### EXERCISE OBJECTIVE:
Please copy every line of the records below that holds the word "منصة".

### DATA FOR REVIEW:
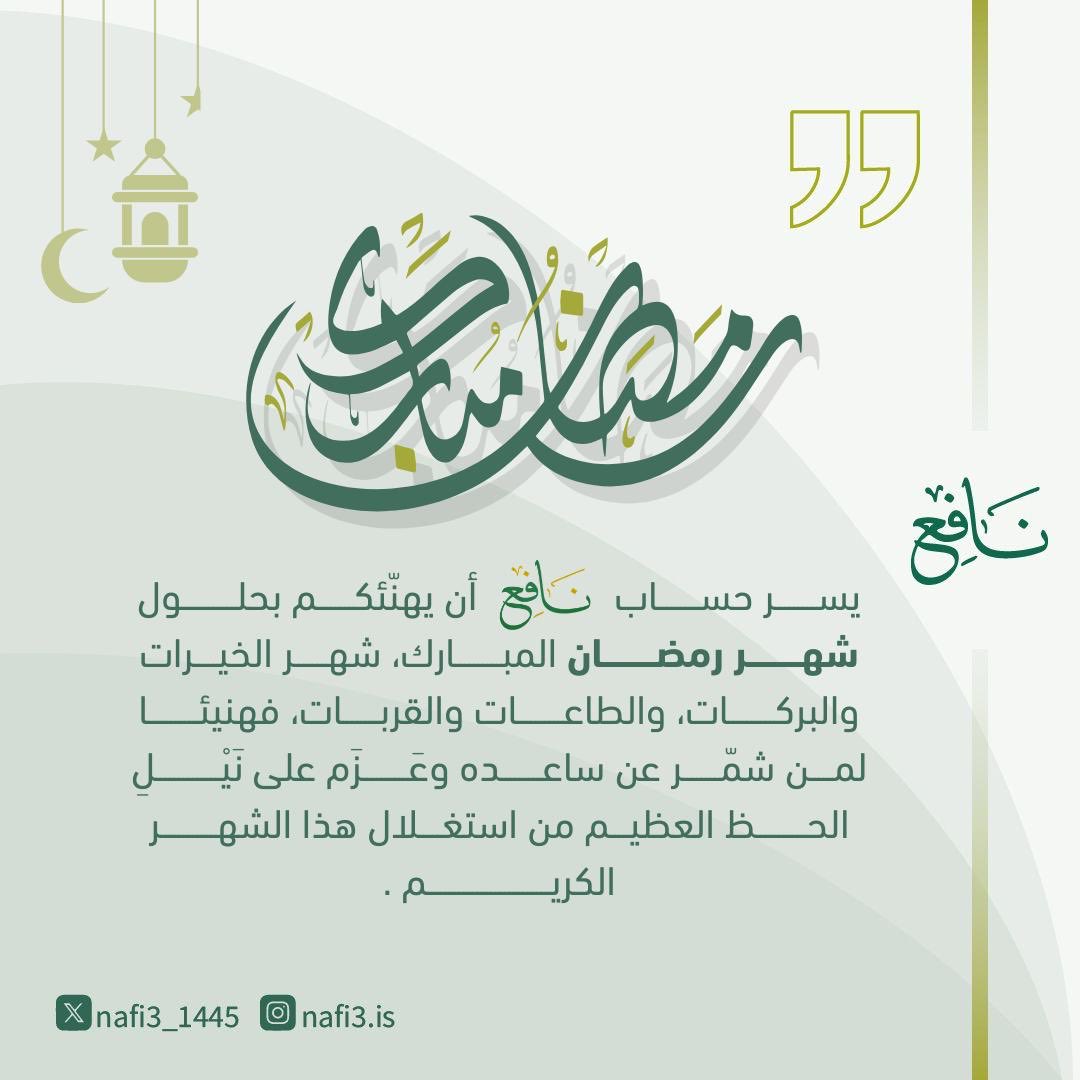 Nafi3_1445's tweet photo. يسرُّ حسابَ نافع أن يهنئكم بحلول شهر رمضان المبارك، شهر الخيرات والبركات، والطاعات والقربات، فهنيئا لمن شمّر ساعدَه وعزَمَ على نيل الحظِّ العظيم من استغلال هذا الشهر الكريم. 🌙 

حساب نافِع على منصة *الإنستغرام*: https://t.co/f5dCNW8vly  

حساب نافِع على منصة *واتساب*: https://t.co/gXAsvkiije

--

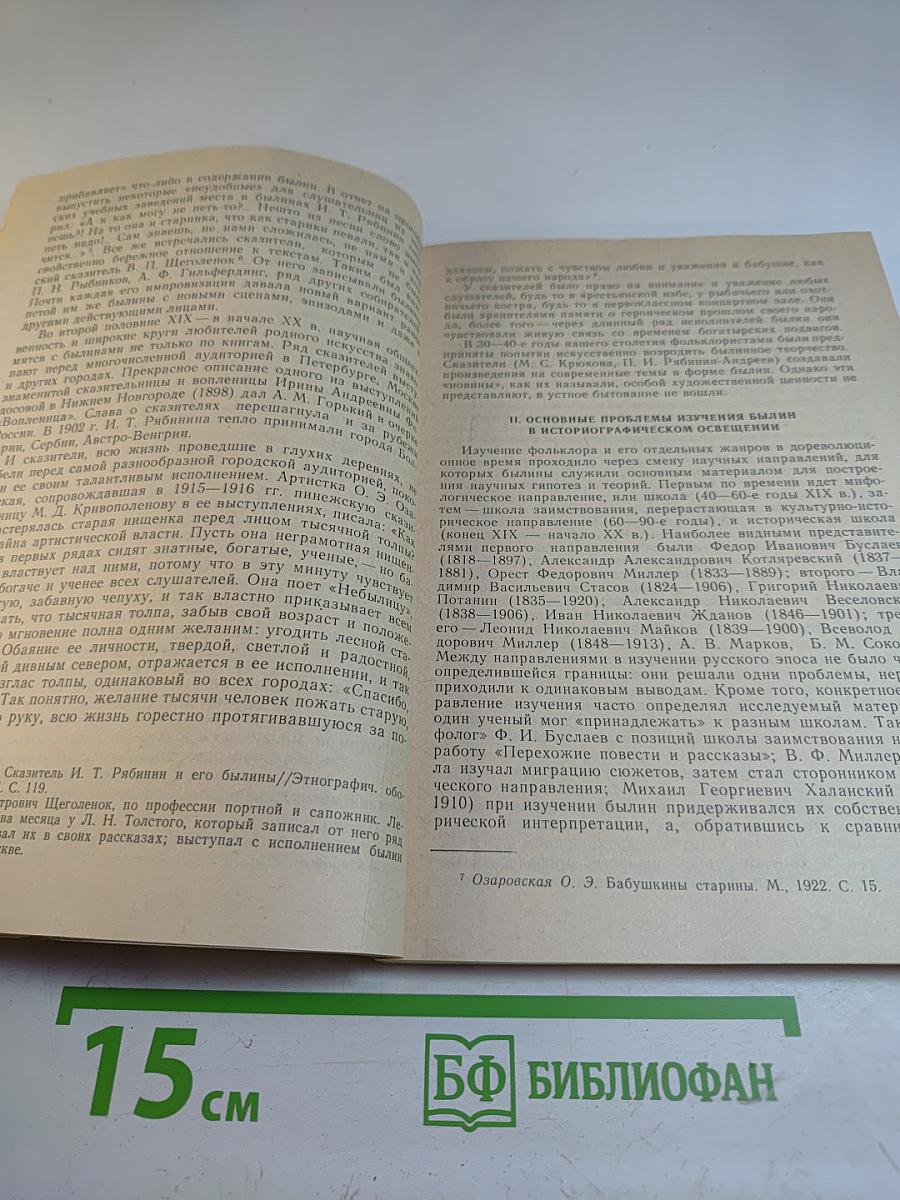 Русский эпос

### SOLUTION TO THIS PROBLEM:
حساب نافِع على منصة *الإنستغرام*: https://t.co/f5dCNW8vly  
حساب نافِع على منصة *واتساب*: https://t.co/gXAsvkiije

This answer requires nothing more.